Posts tagged Broadway Market

The Glory of Ridley Road Market

 

A little light lunch of lung, trotters and shin anyone?

Throwing a bonfire party this weekend gave me the perfect excuse to spend a couple of hours at Ridley Road Market buying an excessive amount of food for very little money indeed.

For me Ridley Road is everything that Broadway Market isn’t. It’s rowdy, messy, cheap and authentic. An ex boyfriend once described it as looking like a scene form Mad Max, and although I was furious about his bourgeoise, judgmental sniffing at the time – looking back he did have a point.
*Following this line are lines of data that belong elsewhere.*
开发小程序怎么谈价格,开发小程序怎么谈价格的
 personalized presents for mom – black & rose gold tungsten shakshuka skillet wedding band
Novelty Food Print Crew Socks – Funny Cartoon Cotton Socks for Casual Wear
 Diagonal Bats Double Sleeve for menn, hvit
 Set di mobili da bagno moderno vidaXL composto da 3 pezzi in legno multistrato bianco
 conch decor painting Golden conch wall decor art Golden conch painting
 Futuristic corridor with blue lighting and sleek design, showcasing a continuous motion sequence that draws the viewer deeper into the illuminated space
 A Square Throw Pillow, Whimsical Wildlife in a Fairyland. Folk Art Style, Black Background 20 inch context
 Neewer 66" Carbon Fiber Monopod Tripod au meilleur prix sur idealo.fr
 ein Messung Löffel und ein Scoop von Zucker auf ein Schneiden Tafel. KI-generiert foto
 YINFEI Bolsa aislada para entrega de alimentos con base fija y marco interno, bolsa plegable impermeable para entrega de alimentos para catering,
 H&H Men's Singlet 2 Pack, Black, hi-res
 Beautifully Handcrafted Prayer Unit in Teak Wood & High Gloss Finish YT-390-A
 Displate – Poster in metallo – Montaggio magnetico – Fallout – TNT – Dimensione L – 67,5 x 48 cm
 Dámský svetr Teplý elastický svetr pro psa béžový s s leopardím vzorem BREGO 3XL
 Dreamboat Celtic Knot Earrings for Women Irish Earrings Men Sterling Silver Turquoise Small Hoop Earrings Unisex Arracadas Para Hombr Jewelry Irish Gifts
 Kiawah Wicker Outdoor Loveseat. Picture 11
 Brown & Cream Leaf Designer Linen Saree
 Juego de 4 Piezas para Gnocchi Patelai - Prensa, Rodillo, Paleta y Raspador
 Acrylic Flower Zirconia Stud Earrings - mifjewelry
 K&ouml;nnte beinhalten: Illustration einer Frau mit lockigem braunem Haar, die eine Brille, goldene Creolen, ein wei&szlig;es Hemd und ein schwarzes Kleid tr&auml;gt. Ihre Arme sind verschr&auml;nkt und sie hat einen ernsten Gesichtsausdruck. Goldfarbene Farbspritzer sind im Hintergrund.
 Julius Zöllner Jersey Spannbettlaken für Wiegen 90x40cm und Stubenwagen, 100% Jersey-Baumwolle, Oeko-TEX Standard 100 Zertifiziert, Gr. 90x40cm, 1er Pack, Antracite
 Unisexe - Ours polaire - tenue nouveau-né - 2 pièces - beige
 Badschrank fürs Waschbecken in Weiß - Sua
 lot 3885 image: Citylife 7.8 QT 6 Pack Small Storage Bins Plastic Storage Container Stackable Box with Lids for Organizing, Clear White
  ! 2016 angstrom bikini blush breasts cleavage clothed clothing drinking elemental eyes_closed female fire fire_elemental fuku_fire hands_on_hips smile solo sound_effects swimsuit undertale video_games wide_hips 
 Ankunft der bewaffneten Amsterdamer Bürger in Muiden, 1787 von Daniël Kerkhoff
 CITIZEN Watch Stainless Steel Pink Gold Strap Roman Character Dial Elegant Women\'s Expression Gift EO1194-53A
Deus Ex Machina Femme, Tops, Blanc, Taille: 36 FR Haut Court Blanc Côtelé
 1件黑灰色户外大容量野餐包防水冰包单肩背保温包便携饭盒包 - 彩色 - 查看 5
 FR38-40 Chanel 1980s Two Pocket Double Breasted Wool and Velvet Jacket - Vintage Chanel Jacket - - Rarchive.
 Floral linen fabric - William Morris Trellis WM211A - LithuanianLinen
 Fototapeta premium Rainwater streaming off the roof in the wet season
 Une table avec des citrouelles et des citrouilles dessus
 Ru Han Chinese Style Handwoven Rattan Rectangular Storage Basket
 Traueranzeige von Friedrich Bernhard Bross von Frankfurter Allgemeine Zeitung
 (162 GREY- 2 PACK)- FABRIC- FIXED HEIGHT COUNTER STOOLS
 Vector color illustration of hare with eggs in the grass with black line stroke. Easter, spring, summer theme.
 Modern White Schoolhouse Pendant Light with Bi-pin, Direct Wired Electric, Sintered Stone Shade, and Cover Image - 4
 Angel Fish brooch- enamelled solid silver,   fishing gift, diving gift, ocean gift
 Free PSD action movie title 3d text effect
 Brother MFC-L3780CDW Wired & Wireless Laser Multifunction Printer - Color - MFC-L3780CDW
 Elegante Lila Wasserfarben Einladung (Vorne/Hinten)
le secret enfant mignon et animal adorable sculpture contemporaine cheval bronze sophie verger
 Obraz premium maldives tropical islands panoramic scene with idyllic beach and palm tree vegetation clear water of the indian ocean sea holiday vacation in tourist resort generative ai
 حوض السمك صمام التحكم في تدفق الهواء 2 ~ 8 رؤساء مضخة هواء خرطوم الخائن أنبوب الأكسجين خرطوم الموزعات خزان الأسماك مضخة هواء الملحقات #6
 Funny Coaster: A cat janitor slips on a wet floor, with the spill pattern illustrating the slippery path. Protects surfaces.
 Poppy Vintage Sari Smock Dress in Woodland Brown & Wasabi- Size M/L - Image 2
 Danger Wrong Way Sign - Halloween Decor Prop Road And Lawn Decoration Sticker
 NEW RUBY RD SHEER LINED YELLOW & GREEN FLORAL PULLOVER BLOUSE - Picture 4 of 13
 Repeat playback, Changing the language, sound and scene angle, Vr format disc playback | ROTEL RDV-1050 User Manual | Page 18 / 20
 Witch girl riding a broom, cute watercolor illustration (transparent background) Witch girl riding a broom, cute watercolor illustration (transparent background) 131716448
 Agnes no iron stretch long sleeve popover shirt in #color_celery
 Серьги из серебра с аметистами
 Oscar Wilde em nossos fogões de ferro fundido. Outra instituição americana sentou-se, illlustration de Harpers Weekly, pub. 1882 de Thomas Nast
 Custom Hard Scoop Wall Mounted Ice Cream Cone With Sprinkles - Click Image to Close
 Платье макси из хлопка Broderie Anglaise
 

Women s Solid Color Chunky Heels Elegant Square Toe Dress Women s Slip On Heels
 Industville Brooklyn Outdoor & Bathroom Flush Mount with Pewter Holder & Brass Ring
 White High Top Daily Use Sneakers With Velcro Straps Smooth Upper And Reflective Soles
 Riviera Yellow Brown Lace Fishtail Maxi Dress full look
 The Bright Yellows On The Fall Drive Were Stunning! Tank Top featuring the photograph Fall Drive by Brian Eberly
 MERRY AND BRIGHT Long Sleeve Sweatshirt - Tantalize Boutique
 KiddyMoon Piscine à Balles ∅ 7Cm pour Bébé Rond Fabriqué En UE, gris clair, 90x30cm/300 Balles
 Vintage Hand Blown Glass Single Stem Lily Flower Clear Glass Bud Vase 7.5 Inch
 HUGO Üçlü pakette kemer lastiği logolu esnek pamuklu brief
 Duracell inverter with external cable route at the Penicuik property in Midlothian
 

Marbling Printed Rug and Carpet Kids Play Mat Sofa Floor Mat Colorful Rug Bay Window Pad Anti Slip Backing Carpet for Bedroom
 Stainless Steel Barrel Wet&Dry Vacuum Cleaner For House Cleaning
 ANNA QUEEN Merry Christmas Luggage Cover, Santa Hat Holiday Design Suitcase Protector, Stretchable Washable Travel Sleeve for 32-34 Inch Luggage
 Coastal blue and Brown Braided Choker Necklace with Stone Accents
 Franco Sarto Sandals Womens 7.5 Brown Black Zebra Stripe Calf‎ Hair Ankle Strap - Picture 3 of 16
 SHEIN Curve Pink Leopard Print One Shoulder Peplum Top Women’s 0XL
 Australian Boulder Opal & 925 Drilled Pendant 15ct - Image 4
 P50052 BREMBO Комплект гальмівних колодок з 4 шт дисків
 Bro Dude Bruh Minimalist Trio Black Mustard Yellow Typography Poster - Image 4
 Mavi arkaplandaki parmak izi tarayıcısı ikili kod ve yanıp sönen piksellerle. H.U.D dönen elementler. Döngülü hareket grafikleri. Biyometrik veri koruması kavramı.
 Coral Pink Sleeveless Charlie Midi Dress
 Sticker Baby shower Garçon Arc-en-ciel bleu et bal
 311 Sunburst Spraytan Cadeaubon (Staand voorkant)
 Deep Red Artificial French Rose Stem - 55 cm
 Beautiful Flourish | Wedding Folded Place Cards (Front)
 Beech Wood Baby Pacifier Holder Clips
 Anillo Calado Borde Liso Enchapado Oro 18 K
Bits of the road are dug up, some of its cordoned off, there’s crap everywhere and there is definitively nothing quaint or picturesque about the place. If you are looking for a French-style market with great produce served by impossibly cliched vendors, then you are in the wrong place. In fact, let’s be honest: it’s pretty ugly really.

But the produce is generally excellent as well as being cheap as chips – and the people on the market, both vendors and buyers, care about the quality. My fruit and veg man filled around 5-6 bags of the best veg for me: carrots, spuds, beetroot, tomatoes, parsley, onions, red cabbage – and the parsnips he’d been saving for his own Sunday roast. His wife got the hump sometimes, he said, because he’d go home without any veg and she’d have to go out to the supermarket to stock up. “Not to blow me own trumpet,” he said. “But their stuff isn’t as good as mine.” He was right – it isn’t. It’s more expensive too. and when your pre-packaged plastic bag of parsnips beeps through the till: the woman on the checkout doesn’t say: “There you are my lovely, think  about me when you’re eating them tomorrow.”

A bit further down the way, Jimmy didn’t have any cooking apples. But he did have a twinkle in his eye as as he handed over 5 apples for 50p, he asked me if  I needed a lift home with my bags. The charm police were out in full force on Saturday, it appeared – as even the chap I bought my shoulder of lamb (which was meltingly tender in my hot pot the next day) from at the first butchers on the left-hand side asked if he could come round for the dinner it would feature in. It did cross my mind that he could have been a distant cousin of Ali, who the ever-hilarious Cereal Killah wrote about in winning terms.

But none of this was sleezy, or threatening  – it was fun, and cheeky and a bit of banter. The type of interaction that makes you leave a market with your hands full of bags and a smile on your face.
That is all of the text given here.